## Information given
== Segment start ==

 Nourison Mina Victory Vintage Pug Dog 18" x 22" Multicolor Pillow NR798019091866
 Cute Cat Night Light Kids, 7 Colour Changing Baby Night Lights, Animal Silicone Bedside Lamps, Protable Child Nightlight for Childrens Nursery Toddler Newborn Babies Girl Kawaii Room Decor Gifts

== Segment end ==
== Segment start ==

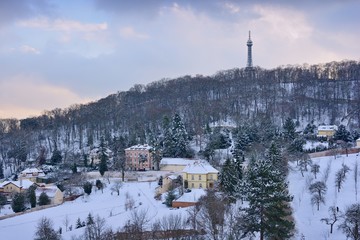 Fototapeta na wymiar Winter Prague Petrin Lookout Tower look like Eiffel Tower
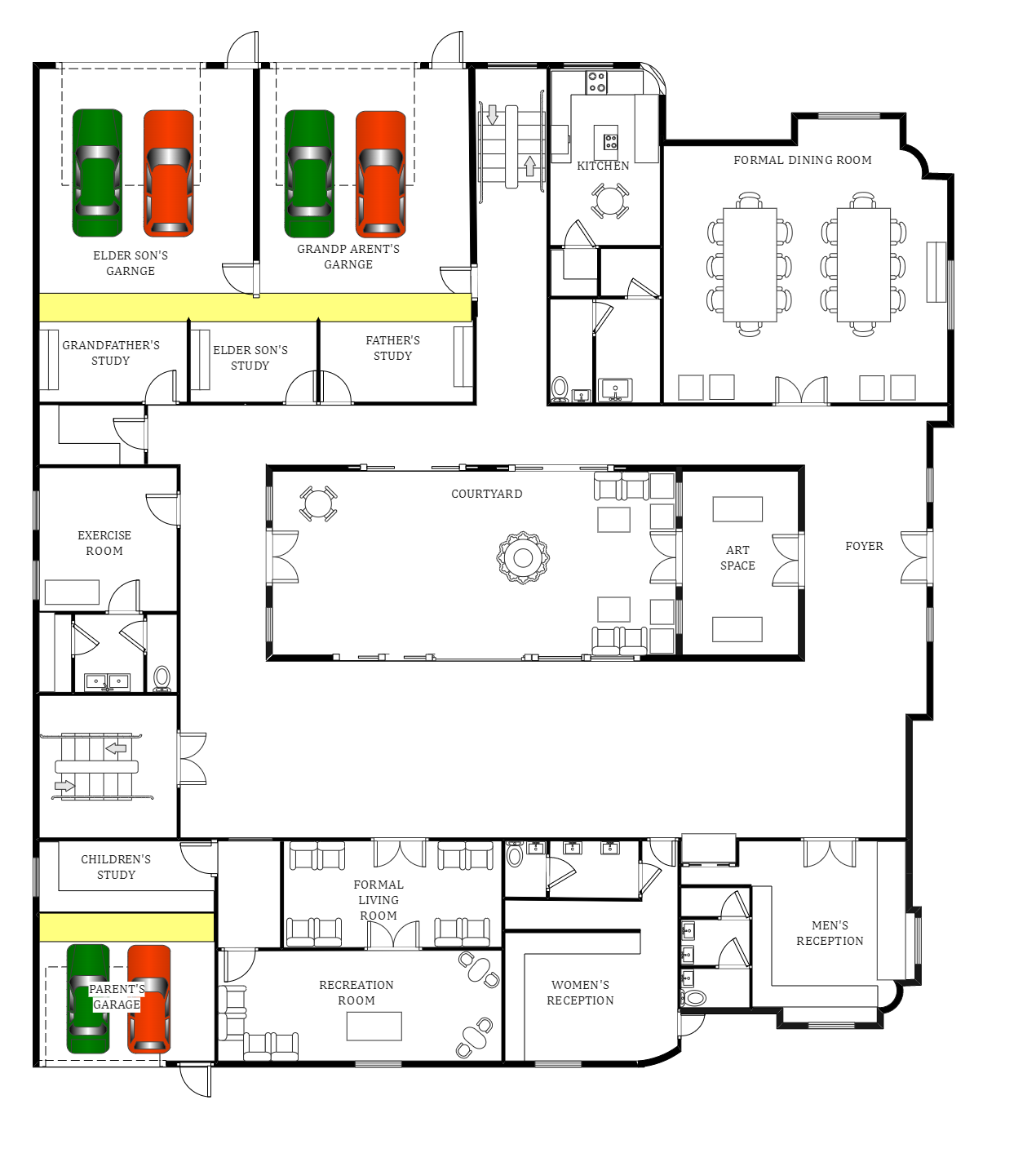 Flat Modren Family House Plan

== Segment end ==
== Segment start ==

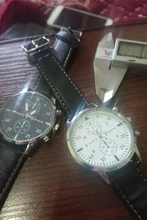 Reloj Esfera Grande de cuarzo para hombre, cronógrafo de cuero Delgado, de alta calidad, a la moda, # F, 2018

== Segment end ==

Looking at the data above, write out exactly the lines that start at the one containing "Nourison Mina Victory" and end at the one containing "Cute Cat Night"; include both and nothing beyond.

 Nourison Mina Victory Vintage Pug Dog 18" x 22" Multicolor Pillow NR798019091866
 Cute Cat Night Light Kids, 7 Colour Changing Baby Night Lights, Animal Silicone Bedside Lamps, Protable Child Nightlight for Childrens Nursery Toddler Newborn Babies Girl Kawaii Room Decor Gifts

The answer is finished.